JSPM

  • Created
  • Published
  • Downloads 9045
  • Score
    100M100P100Q122154F
  • License MIT

JavaScript data transformation and analysis toolkit inspired by Pandas and LINQ.

Package Exports

  • data-forge

This package does not declare an exports field, so the exports above have been automatically detected and optimized by JSPM instead. If any package subpath is missing, it is recommended to post an issue to the original package (data-forge) to support the "exports" field. If that is not possible, create a JSPM override to customize the exports field for this package.

Readme

data-forge

JavaScript data transformation and analysis toolkit inspired by Pandas and LINQ.

Works in both NodeJS and the browser.

Also available for C#.


This project is a work in progress, please don't use unless you want to be an early adopter. Please expect API changes. Please contribute and help guide the direction of data-forge.

Generated API docs

See here for generated API docs that are taking shape.

Contents

Table of Contents generated with DocToc

Project Aims

The aims of this project:

  • To combine the best aspects of Pandas and LINQ and make them available in JavaScript and C#.
  • To be able to load data, transform and save data.
  • To be able to prepare data for visualization.
  • Be able to load massive data files.

Driving Principles

The principles that drive decision making and tradeoffs:

  • Simple, easy to learn, easy to use.
  • Minimize the magic, everything should be understandable, the API should be orthogonal.
  • High performance.
  • Be able to use the same (or very similar) API in both Javascript and C#.
  • The code you build during interactive data exploration should be transplantable to an app or microservice.

Implementation

General implementation goals:

  • Immutable, every operation generates a new immutable data set.
  • Lazy evaluation, to make the performance of immutability acceptable.
  • Extensible via plugins for data sources and formats.
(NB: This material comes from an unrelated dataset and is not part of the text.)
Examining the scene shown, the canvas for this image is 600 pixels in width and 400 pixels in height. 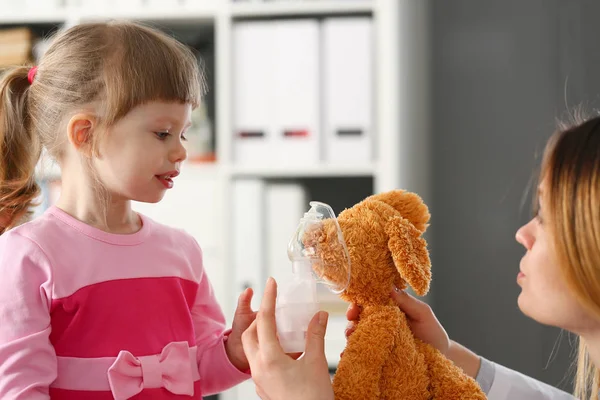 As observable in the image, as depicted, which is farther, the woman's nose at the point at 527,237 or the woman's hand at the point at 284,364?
the woman's nose at the point at 527,237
The rest of the README defines the setup and usage of Data-Forge. Certain features described here are not implemented yet.

Installation

NodeJS installation and setup

Install via NPM:

npm install --save data-forge

Require the module into your script:

var dataForge = require('data-forge');

Data-Forge plugins under Node.js

Plugins are typically loaded into the Data-Forge namespace as follows, using data-forge-from-yahoo as an example.

Install via NPM:

npm install --save data-forge-from-yahoo

Required and use:

var dataForge = require('data-forge');
dataForge.use(require('data-forge-from-yahoo'));

You can use functions defined by the plugin, eg

dataForge.fromYahoo('MSFT')
    .then(function (dataFrame) {
        // ... use the data returned from Yahoo ...
    }); 

Browser installation and setup

Install via Bower:

bower install --save data-forge

Include the main script in your HTML file:

<script src="bower_components/data-forge/data-forge.js"></script>

You can now access the global dataForge variable.

Data-Forge plugins under the browser

As in the Node.js example, plugins are typically loaded into the Data-Forge namespace. Example using data-forge-from-yahoo.

Install via Bower:

bower install --save data-forge-from-yahoo

Include in your HTML file:

<script src="bower_components/data-forge/data-forge.js"></script>
<script src="bower_components/data-forge-from-yahoo/data-forge-from-yahoo.js"></script>

Use functions defined by the plugin, eg:

dataForge.fromYahoo('MSFT')
    .then(function (dataFrame) {
        // ... use the data returned from Yahoo ...
    }); 

Getting the code

Install via NPM and Bower as described in previous sections or clone, fork or download the code from GitHub:

https://github.com/Real-Serious-Games/data-forge-js

Key Concepts

This section explains the key concepts of Data-Forge.

Data Frame

This is the main concept. A matrix of data structured as rows and columns. Can be considered a sequence of rows. Has an implicit or explicit index. Think of it as a spreadsheet in memory.

Row

A single row of data in a data frame. Contains a slice of data across columns. Has an implicit or explicit index. An JavaScript object or an array of values is associated with each row.

Series

A sequence of indexed values. These are often time-series, where the values are indexed by date/time.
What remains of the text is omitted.